8 Consideration of the appropriateness of relying on Anshun principles to dispose of an issue in a summary way at an early stage was considered by the Court of Appeal of Victoria in Triantafillidis v National Australia Bank (1995) V ConvR 54-536. That case concerned a permanent stay. There was some difference between the members of the Court concerning the appropriateness of seeking summary judgment at all in the circumstances of that case, but that difference of view is not relevant for
(Page 5)
present purposes. There are in that case some observations by Ormiston JA concerning the difficulty faced by a party invoking Anshun principles at this early stage of the proceedings which are, in my view, applicable to the present case. There were, in his Honour's view, two principal issues. The first was the question of precisely how the Anshun principle was to be formulated, including the question of the extent to which it was unreasonableness, rather than a potential for inconsistent decisions, which was critical.
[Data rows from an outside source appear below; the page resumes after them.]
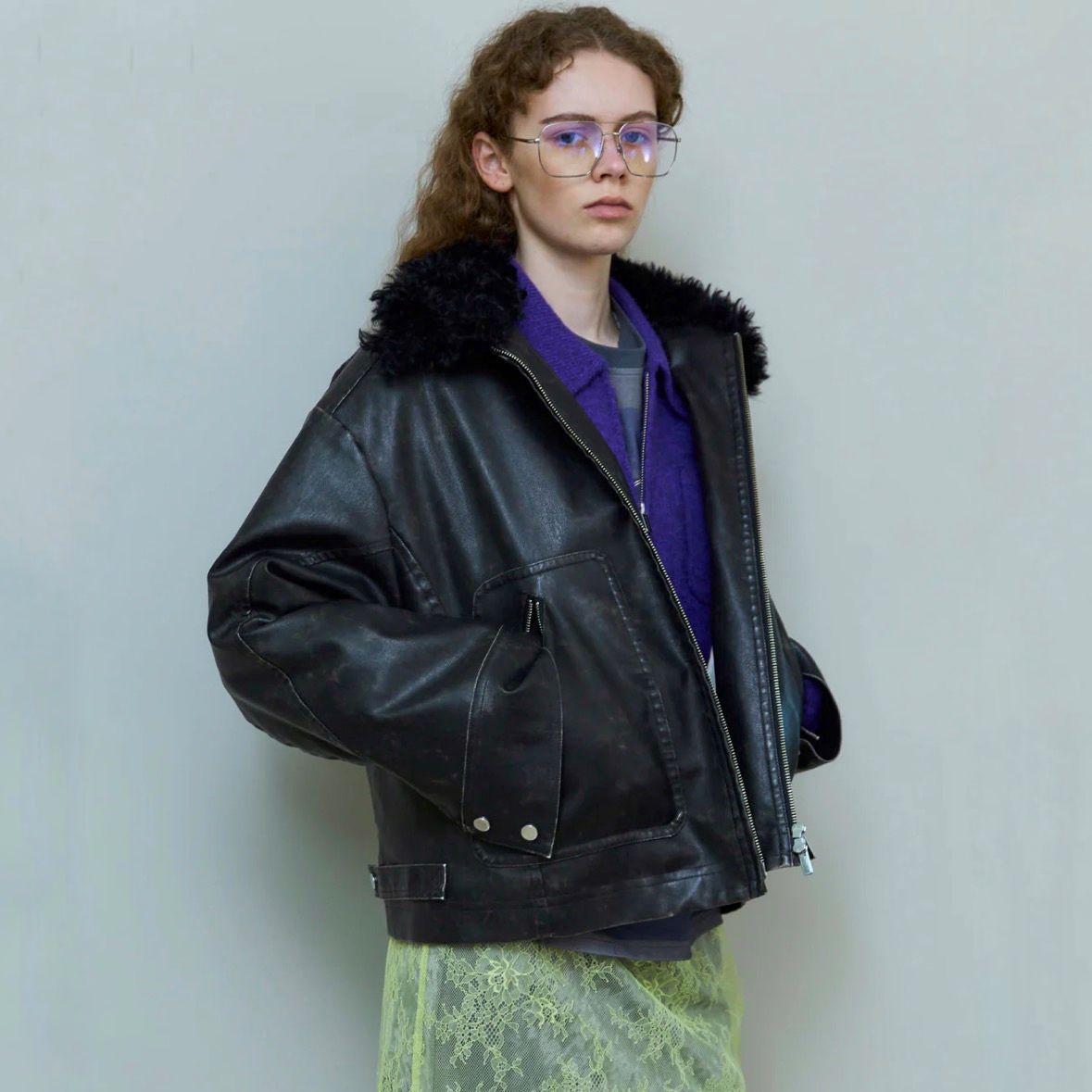 【残り一点】2way Collar Vegan Leather Blouson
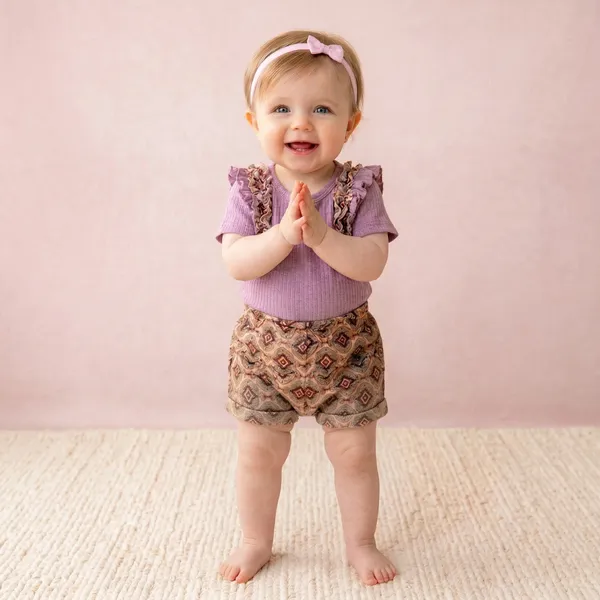 Lavender_And_Brown_Ruffled_Sleeve_Top_With_Printed_Suspender_Shorts_Outfit_Set_For_Baby_Girls_-_PF_1122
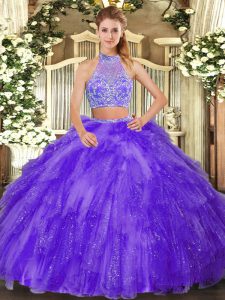Exquisite Halter Top Sleeveless 15th Birthday Dress Floor Length Beading and Ruffles Purple Tulle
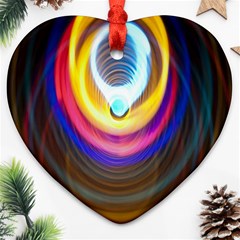 Colorful Glow Hole Space Rainbow Heart Ornament (two Sides) by Mariart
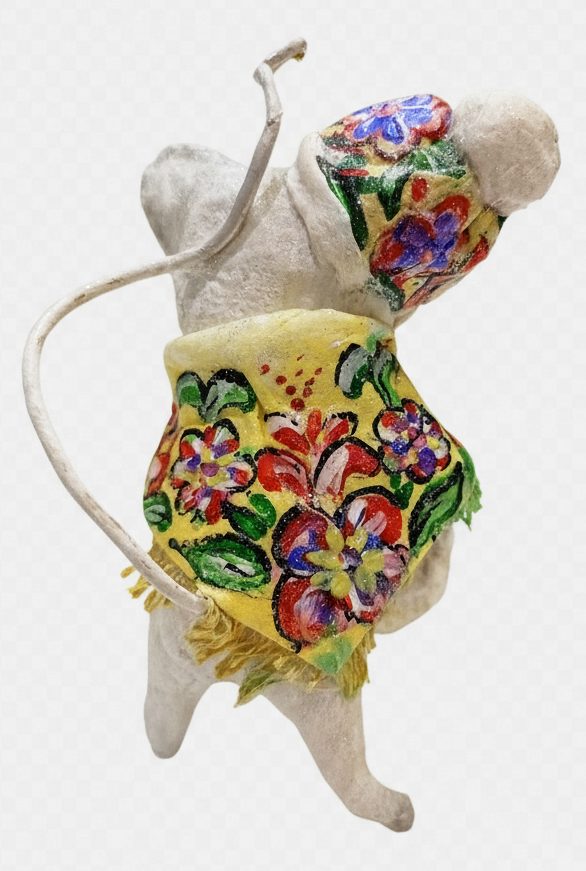 Ватная ёлочная игрушка «Белая мышка», высота 9 см — фото 2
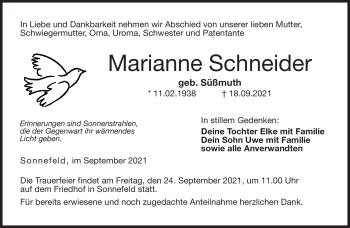Traueranzeige von Marianne Schneider von Neue Presse Coburg
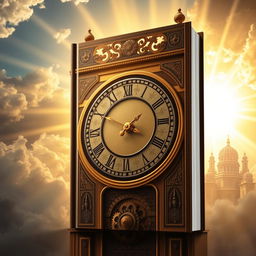 Book cover design featuring a grand clock as the central element with the heavenly imagery of the New Jerusalem in the background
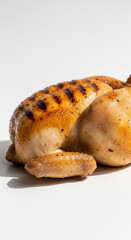 A perfectly grilled whole chicken, golden brown with visible grill marks, rests on a plain white background.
The second related to the question of how unreasonableness was to be determined. At page 66-367 his Honour said (omitting citations):
"Even if it were not appropriate to agree with Toohey J that the precise scope of Anshun is not yet settled, the majority judgment in Anshun'sCase appears to require a determination whether the plaintiff in the second action would have been unreasonable not to rely upon its later claims in the first action and for that purpose the resolution of each case 'depends upon a meticulous scrutiny of its own facts'. In part the majority in Anshun'sCase relied upon the absence of any explanation by the appellant to adduce evidence as to why it failed to raise the relevant issue in the first action. If this be the kind of necessary enquiry which Anshun'sCase requires, then it is not ordinarily appropriate that it be dealt with upon an application for a summary judgment or stay. Unless the alleged unreasonableness is manifest (e.g. if the potential judgment would be plainly inconsistent), the appellant is entitled to have both the questions of principle and the issues of fact resolved upon a trial and upon the basis of precisely pleaded defences."
9 Adopting that analysis for present purposes, it would be my view that this, too, is a case in which it is necessary that there be that "meticulous examination upon precisely pleaded defences", which was not possible in the application before the Master. I would therefore allow the appeal.